What is a super lien?
- If a homeowner does not pay homeowners’ association (HOA) fees and special assessments then the HOA can file a lien that will attach to the property.
- In certain states however, homeowners’ association liens are given “super lien” status.
- A super lien is a category of lien that, pursuant to state statute, is given a higher priority than all other types of liens.
- A super lien is given higher priority than even the first mortgage holder, placing the interest of the HOA in front of the first mortgage.
How many states have super lien laws?
- 22 states have laws that give HOA or in some cases COA (Condo Association) assessment liens a super lien status under certain circumstances.
- Alabama, Alaska, Colorado, Connecticut, Delaware, District Of Columbia, Florida, Hawaii, Illinois, Maryland, Massachusetts, Minnesota, New Hampshire, New Jersey, Nevada, Oregon, Pennsylvania, Rhode Island, Tennessee, Vermont, Washington, and West Virginia.
- Every state has different statues.
What happens when the 1st mortgage forecloses?

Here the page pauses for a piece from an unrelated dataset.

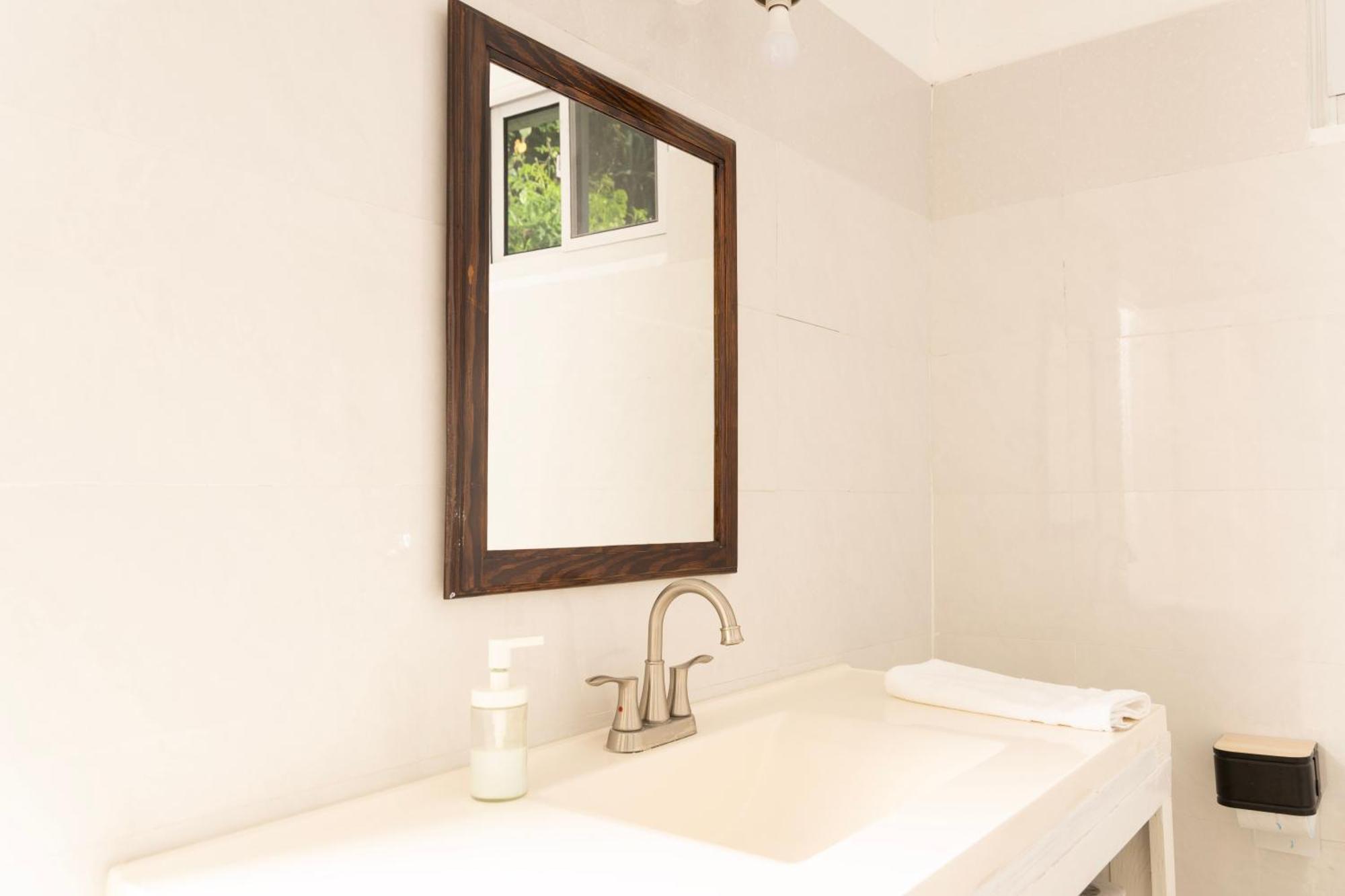 La Maison 29 Roseau Dış mekan fotoğraf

- Florida – if obtain title through foreclosure or DIL an amount of 12 months of HOA dues preceding the date of the sale or 1% of the original loan amount whichever is less.
- Pennsylvania – an amount equal to 6 months preceding the date of the sale.
- Maryland – lien priority is given to any HOA or COA that holds a lien on the property for 4 months worth of unpaid expenses or $1,200, whichever is less.
- In contrast 28 states like NC, SC, etc – the HOA gets wiped when the 1st mortgage forecloses (i.e. they get nothing).